Items from a data source:
——————
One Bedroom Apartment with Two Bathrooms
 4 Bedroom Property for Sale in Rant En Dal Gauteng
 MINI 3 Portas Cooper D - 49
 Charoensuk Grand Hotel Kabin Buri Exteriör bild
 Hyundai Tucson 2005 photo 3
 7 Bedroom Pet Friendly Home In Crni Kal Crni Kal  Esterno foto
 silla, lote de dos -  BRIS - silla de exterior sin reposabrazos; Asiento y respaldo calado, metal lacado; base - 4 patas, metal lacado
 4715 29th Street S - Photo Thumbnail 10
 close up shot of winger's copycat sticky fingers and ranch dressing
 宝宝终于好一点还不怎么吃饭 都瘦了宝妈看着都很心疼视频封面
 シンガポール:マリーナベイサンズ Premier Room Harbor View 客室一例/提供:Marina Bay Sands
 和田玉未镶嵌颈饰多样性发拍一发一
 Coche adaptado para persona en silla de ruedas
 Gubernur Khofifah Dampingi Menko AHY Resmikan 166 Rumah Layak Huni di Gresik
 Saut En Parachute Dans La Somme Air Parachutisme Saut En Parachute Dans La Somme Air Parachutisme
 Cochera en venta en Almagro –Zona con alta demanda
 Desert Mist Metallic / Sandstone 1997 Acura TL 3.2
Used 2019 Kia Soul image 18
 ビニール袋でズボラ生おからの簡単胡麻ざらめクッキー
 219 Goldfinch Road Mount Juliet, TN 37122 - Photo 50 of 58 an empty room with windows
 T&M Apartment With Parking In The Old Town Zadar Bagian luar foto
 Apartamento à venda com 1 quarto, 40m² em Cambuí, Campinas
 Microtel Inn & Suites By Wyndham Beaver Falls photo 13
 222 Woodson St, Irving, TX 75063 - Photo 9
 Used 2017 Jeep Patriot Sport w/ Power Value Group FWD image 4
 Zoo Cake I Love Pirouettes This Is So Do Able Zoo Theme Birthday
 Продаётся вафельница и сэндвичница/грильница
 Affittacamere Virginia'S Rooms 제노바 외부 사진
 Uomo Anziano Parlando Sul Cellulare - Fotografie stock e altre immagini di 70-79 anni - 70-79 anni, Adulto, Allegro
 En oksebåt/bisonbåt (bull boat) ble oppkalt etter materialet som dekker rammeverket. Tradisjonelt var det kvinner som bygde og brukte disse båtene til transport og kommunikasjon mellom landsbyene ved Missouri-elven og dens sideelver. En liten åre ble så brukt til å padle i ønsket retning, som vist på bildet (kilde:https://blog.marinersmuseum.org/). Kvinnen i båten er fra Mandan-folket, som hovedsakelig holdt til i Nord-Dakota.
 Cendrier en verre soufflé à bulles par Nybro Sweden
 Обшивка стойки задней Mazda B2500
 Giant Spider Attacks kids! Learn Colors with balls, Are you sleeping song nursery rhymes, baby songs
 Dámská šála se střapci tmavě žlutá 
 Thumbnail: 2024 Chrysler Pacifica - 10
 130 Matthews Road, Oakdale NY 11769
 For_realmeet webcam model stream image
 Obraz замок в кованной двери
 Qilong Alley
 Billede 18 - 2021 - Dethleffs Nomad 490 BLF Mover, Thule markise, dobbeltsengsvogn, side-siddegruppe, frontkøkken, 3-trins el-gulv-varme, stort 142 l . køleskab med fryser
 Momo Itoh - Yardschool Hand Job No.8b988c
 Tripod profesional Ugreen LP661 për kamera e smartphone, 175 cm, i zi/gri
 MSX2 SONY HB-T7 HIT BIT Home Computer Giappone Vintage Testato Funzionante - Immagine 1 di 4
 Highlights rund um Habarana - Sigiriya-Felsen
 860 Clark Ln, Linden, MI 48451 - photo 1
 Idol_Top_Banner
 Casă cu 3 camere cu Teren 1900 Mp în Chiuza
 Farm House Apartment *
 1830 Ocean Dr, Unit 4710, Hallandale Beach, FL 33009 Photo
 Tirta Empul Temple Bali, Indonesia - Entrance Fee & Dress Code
——————
The lines to reproduce run from the one that contains "Farm House Apartment *" through the last line above; copy them exactly.

Answer space:
 Farm House Apartment *
 1830 Ocean Dr, Unit 4710, Hallandale Beach, FL 33009 Photo
 Tirta Empul Temple Bali, Indonesia - Entrance Fee & Dress Code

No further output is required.